Look after your heart

Do you know how healthy your heart is?

It can be hard to know. Even if you have high cholesterol or high blood pressure, two of the risk factors for cardiovascular disease,  you may not have any symptoms and be unaware of it until it becomes more of a problem.

Why not take the NHS Heart Age test? By answering questions about your lifestyle, yourself and and other measurements you will get an idea of what your heart age is compared to your actual age. Having a heart age that is higher than your actual age means you are at higher risk of having a heart attack or stroke, two of the main forms of cardiovascular disease.

The test is suitable for anyone aged 30 to 95, who does not already have a condition related to their heart or blood vessels. After taking the test you will get advice about what you could do to look after your heart and lower your risk.

Cardiovascular disease causes a quarter of deaths every year. Last week, the new NHS Heart Attack campaign was launched. It is raising awareness of the symptoms of a heart attack and encouraging anyone experiencing these symptoms to call 999. 

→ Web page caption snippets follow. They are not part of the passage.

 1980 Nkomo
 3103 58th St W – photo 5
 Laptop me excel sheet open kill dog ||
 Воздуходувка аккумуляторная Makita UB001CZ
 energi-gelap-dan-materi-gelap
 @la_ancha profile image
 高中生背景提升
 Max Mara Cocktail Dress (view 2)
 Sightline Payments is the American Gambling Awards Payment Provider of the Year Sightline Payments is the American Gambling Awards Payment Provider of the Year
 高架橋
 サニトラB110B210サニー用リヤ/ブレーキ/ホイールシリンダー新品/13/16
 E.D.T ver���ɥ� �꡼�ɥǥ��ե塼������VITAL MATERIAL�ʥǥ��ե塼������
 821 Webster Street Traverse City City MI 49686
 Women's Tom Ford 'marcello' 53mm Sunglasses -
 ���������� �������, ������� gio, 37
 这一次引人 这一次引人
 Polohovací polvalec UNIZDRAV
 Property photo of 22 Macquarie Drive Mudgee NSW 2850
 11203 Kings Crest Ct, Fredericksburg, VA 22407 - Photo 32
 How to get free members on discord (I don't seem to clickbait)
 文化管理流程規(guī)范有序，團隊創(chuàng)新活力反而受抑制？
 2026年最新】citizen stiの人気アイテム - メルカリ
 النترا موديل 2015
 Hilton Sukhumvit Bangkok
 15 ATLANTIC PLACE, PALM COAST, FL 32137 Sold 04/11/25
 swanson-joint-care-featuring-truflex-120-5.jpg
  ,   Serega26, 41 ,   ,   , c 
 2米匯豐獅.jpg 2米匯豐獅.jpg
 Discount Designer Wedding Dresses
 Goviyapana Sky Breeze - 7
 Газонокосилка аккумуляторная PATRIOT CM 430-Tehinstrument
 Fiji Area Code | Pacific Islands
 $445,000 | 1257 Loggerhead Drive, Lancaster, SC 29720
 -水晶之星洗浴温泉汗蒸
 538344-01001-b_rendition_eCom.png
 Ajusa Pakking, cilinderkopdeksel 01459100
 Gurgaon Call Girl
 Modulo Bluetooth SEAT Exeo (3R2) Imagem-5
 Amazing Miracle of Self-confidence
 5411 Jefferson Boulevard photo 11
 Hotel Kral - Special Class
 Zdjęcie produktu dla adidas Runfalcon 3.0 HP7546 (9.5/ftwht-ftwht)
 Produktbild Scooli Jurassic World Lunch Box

It has been found that people will act when experiencing more commonly known symptoms of a heart attack, such as chest pain, but not recognise other common symptoms. Being aware of these lesser known signs, such as sweating, a feeling of unease, lightheadedness, feeling weak or a tightening or squeezing of the chest will mean people will act sooner and more lives can be saved. In fact, 70% of people surveyed knew that chest pain is a symptom of a heart attack, only 41% knew that sweating was a symptom and only 27% were aware that feeling lightheaded, weak or uneasy were also symptoms.

More than 80,000 hospital admissions are due to a heart attack in England each year.  By finding out your heart age and making changes to your lifestyle you could lower your risk of cardiovascular disease. And having a heart attack in the future.

You can find resources for the Heart Attack campaign by visiting the Campaign Resources website.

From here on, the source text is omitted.